In its digital transformation, China Southern Airlines built an enterprise-level large model and launched 417 intelligent agents. By using intelligent scheduling, it reduced human resource waste by 30%; intelligent operations and maintenance reduced the losses caused by failures. With technology-driven means, it achieved the goal of “saving big money.” It also promoted cross-airline services such as “one ticket for the whole journey” and “baggage check-in at departure, with claim-free transfer,” improving passenger experience while lowering service costs and further boosting customer repurchase rates.

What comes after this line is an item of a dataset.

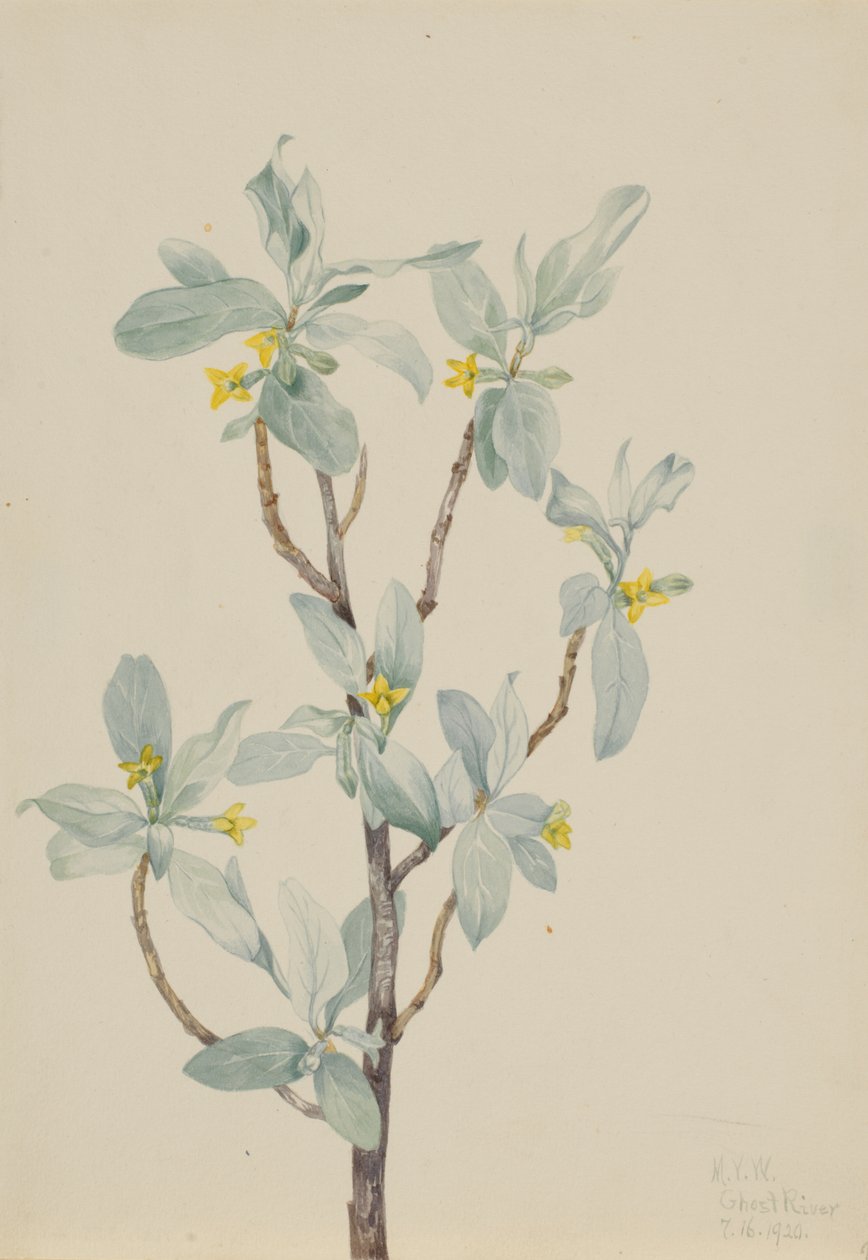 银莓（Elaeagnus commutata） 作者 玛丽·沃克斯·沃尔科特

In 2026, China Southern Airlines may continue the operating logic of “spending small to achieve big.” It is expected that the C919 fleet size will reach 10 aircraft, and the ARJ21 fleet will exceed 30 aircraft. This will further spread out procurement and maintenance costs, releasing long-term cost-reduction potential. Several institutions predict that China Southern Airlines’ net profit attributable to shareholders in 2026 may reach 5.0–8.5 billion yuan, and its profitability advantage will further expand.

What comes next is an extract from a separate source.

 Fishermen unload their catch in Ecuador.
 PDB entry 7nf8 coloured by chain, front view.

The aviation industry has never been short of cyclical tailwinds; what it lacks is the ability to ride through the cycle. China Southern Airlines has taken “thrift and frugality” from a traditional virtue and upgraded it into a replicable, quantifiable operating system. At the watershed point of industry recovery, compared with “making more money,” what determines the final ranking is “being able to keep control.”